Uber drivers are workers with access to paid holidays, minimum wage and other benefits, the Supreme Court has held in a landmark ruling
Uber lost its appeal at the Supreme Court this week. It had argued Uber drivers worked on a self-employed basis. Upholding the initial 2016 employment tribunal decision that drivers fell under the Employment Rights Act 1996 definition of ‘worker’, however, the Supreme Court said any attempt to draft contracts intended to side step basic employment protections would be treated as unenforceable.

Imogen Reseigh, senior associate, Trowers & Hamlins, said: ‘This decision of the Supreme Court was not unexpected given other recent employment status cases but is hugely important.

‘Not only is this a significant decision for Uber, it is going to have far reaching consequences for the gig economy business model. It also begs the question whether our current laws on employment status are fit for purpose given modern ways of working.

‘It is clear that the courts will look beyond contracts and will disregard the label of “self employment” if this does not reflect the practical reality.’

The case, Uber BV & Ors v Aslam & Ors [2021] UKSC 6, will now return to the employment tribunal, which will determine the level of compensation due about 40,000 workers affected.

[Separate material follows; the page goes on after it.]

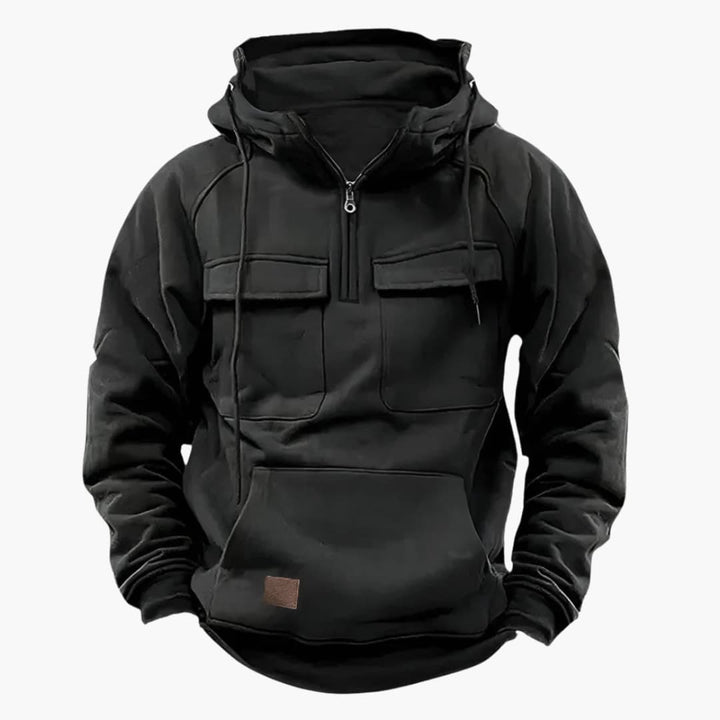 Sudadera con capucha de media cremallera para hombres con bolsillos en el pecho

Yvonne Gallagher, partner at Harbottle & Lewis, said: ‘In finding that Uber drivers are workers, the Supreme Court has focussed expressly on the vulnerability of those working in insecure roles with no real ability to negotiate their terms. 

‘This is a very rights-focussed approach which looks at underlying realities and the courts will not be distracted by provisions in contracts which do not reflect the reality of the working relationship. Expressly excluding these rights will not work and nor will characterising the relationship as being between a service business and its client, where that is not the reality.’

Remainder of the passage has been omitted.